What can you say about the motion of an object with velocity vector perpendicular to position vector? Can you say anything about it at all?

I know that velocity is always perpendicular to the position vector for circular motion and at the endpoints of elliptical motion. Is there a general statement that can be made about the object's motion when the velocity is perpendicular to position?

Solution 1:

If you are constrained to move in a plane, then yes, circular motion is the only possibility. To see this, let $(x(t), y(t))$ be the coordinates at time $t$ on the path. The condition is $$x\frac{dx}{dt} + y\frac{dy}{dt} = 0$$ Integrate with respect to $t$: $$\int x\frac{dx}{dt}dt + \int y\frac{dy}{dt}dt = \int 0\,dt\\\frac {x^2}2 + \frac{y^2}2 = C$$ which is the equation of a circle.

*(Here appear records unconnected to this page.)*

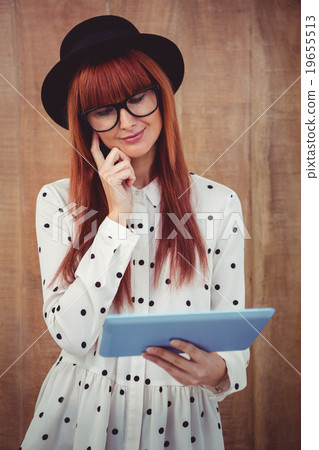 Smiling hipster woman using her tablet 19655513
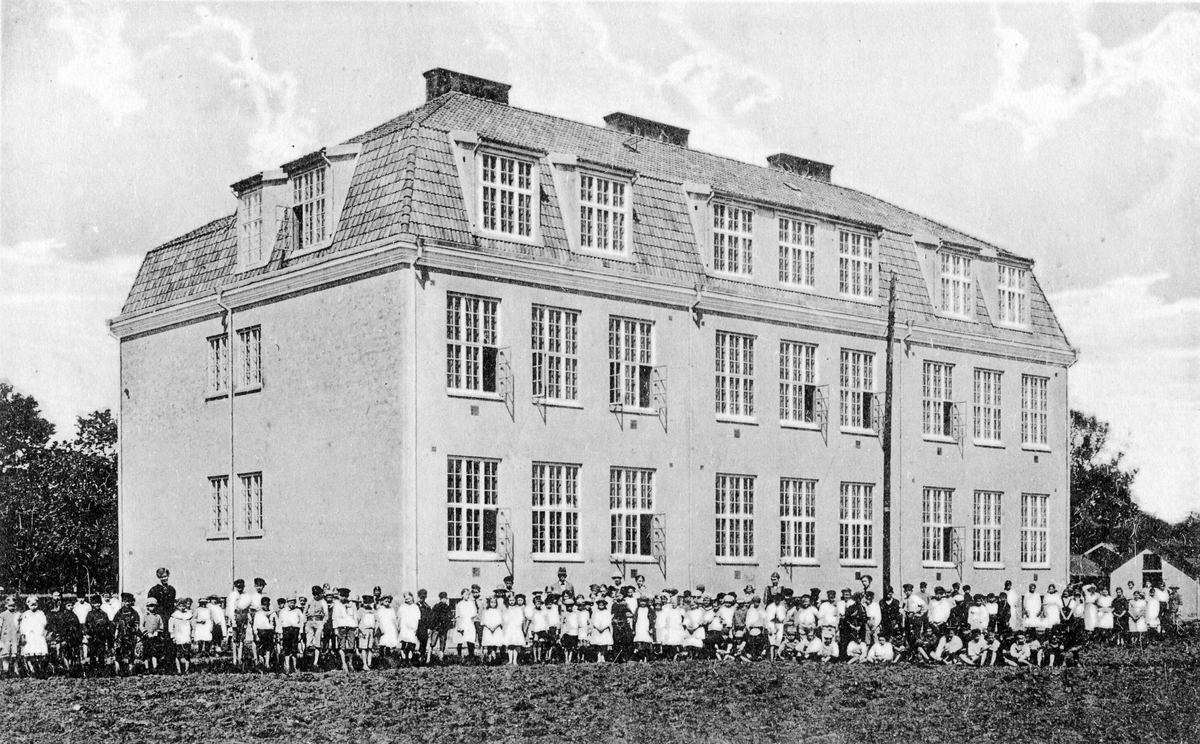 Vykort med Landsskolan, nuvarande Afzeliiskolan. Skolbyggnaden med elever och skolpersonal samlade utanför.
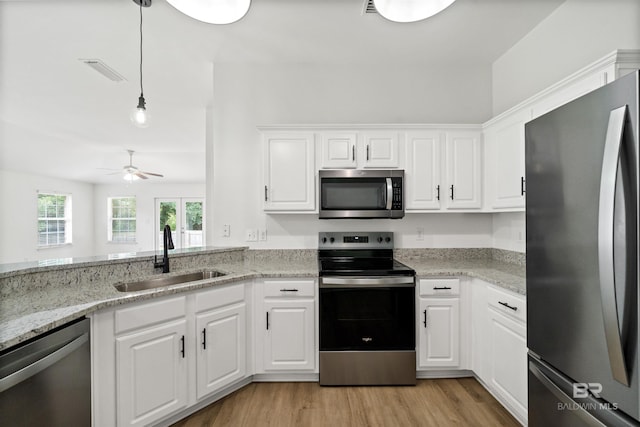16063 Mansion St, Foley, AL 36535 - kitchen featuring appliances with stainless steel finishes, a sink, ceiling fan, white cabinetry, and light wood-style flooring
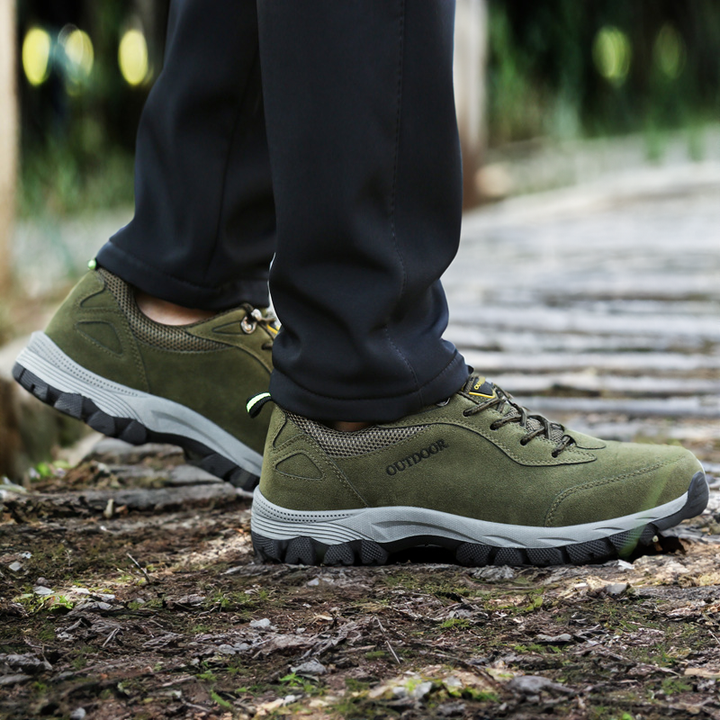 Green men's orthopedic hiking shoes worn outdoors on a wooden path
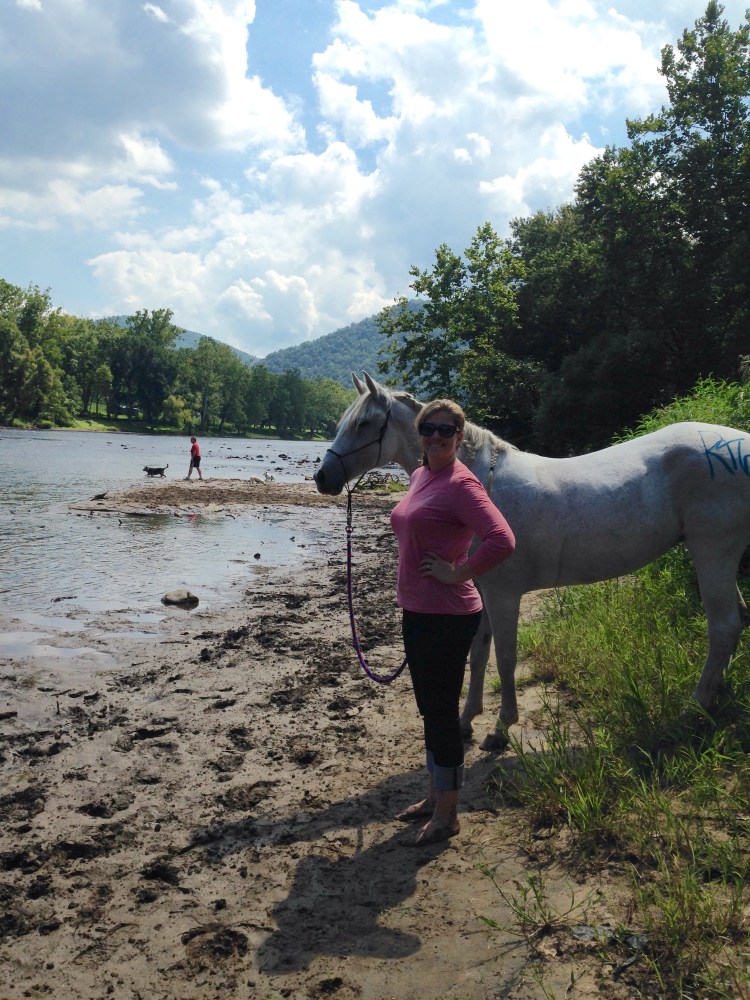 A walk to the New River after the ride with both horses
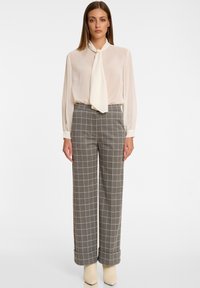 Lichtbeige blouse met een geknoopte strikdetail, gecombineerd met grijs geruite wijde broek, afgewerkt met lichtgekleurde blokhakken.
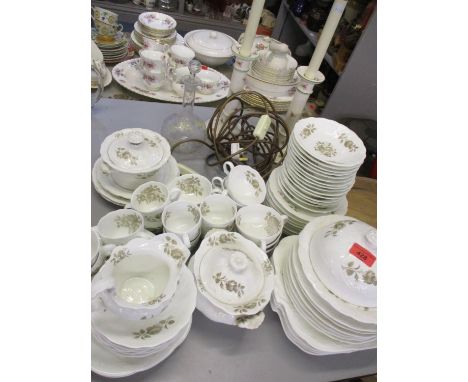 An early 20th century part dinner and coffee service, together with a pair of ceramic table lights and a painted glass decant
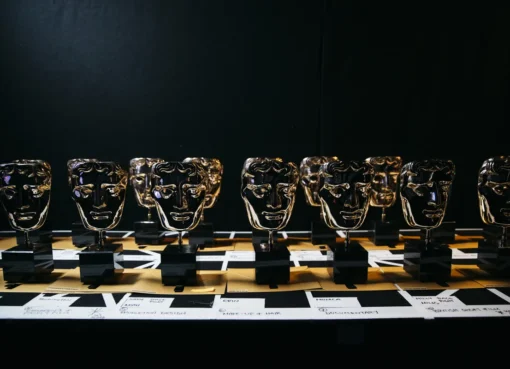 A golden BAFTA award statuette.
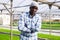 Portrait of male hired worker in greenhouse where flowers are grown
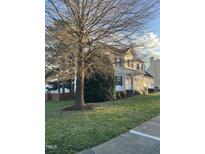 Two-story house with white siding, landscaping, and a large tree in the front yard at 4904 Arbor Chase Dr, Raleigh, NC 27616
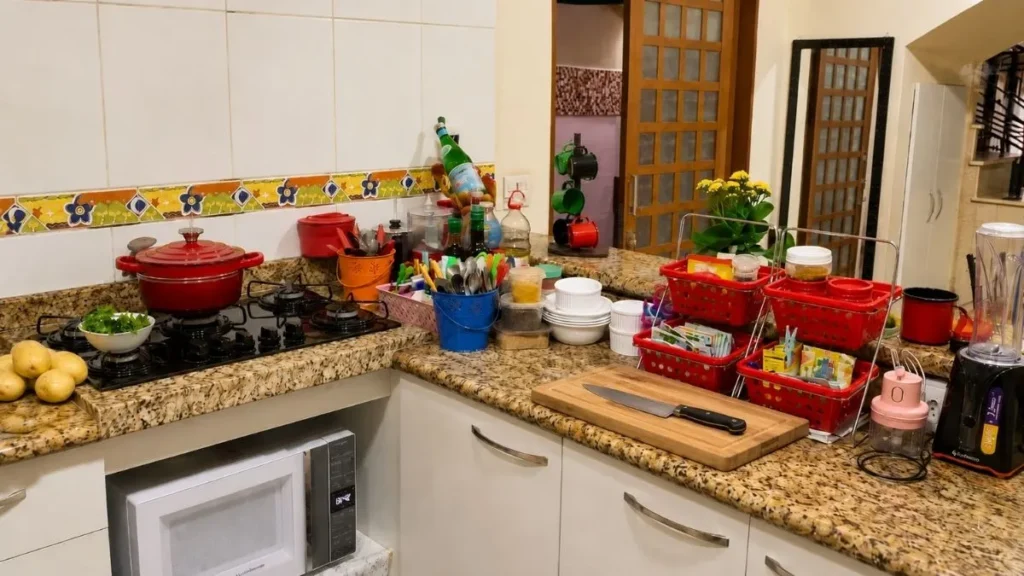 Bancada de cozinha ocupada por utensílios, cestos, potes, eletrodomésticos, tábua de madeira e faca, reduzindo a área livre para preparo dos alimentos.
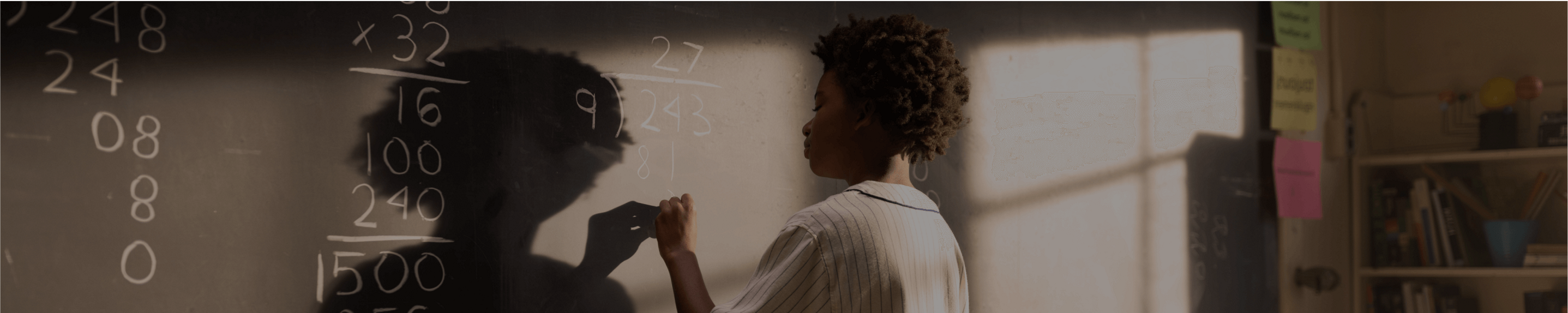 Student writing on a chalkboard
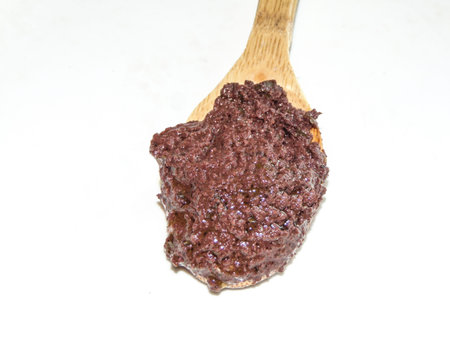 Kalamon olive paste on a wooden spoon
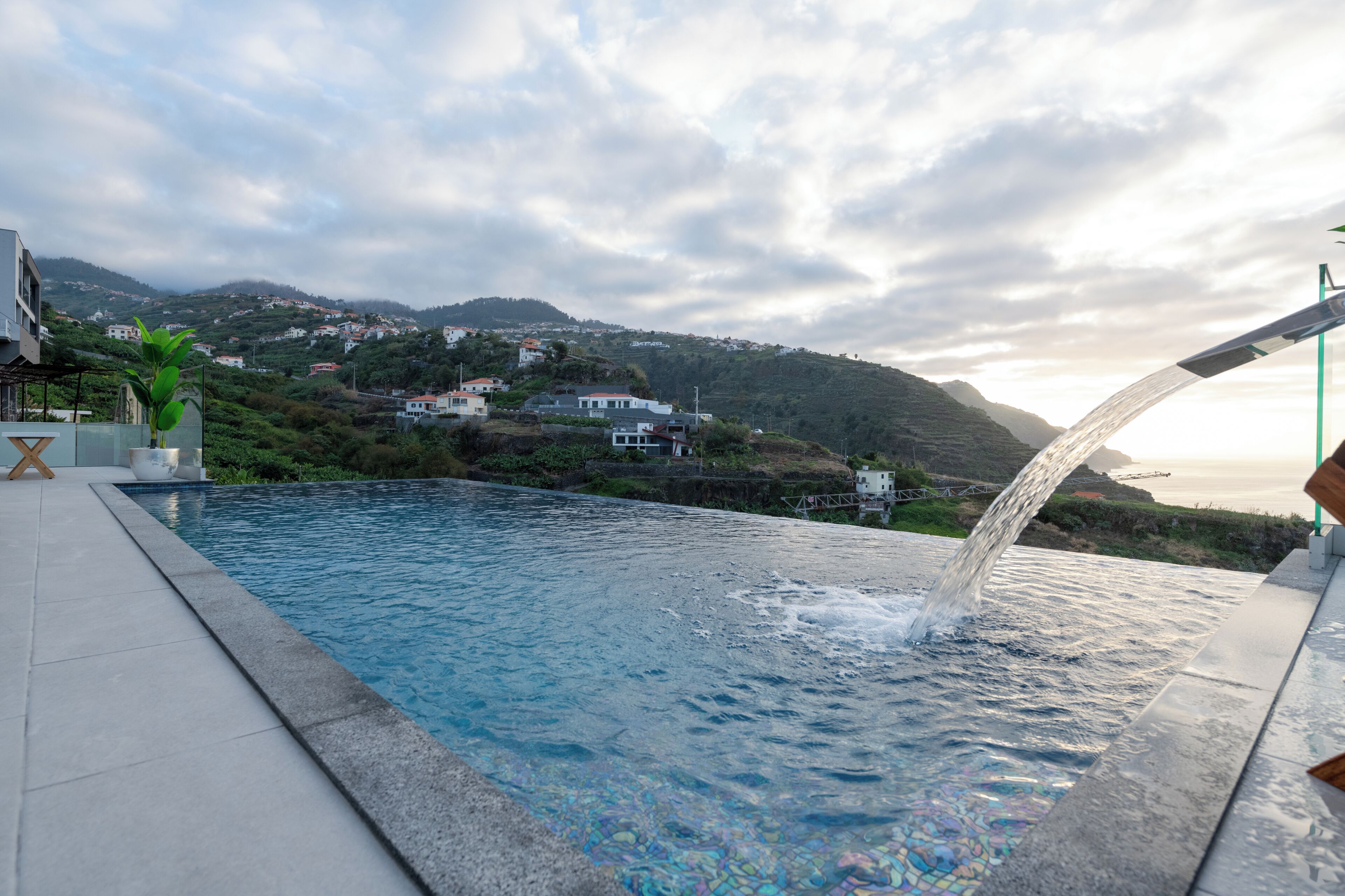Une piscine dans laquelle l’eau s’écoule, entourée d’une terrasse carrelée et offrant une vue sur une colline parsemée de maisons.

So your path has to move around the circle. But that doesn't mean the path itself is a circle. It can speed up. It can slow down. It can stop and reverse direction, all without violating the perpendicularity condition (when it is stopped, the velocity is $0$, whose inner product with the position vector is still $0$ - this stretches the definition of "perpendicular" a bit, but generally it's allowed, as the physical objects being modelled occasionally do stop).

In three dimensions, a similar calculation shows you that the motion is constrained to some sphere. But you can move in all sorts of ways on a sphere that do not qualify as "circular".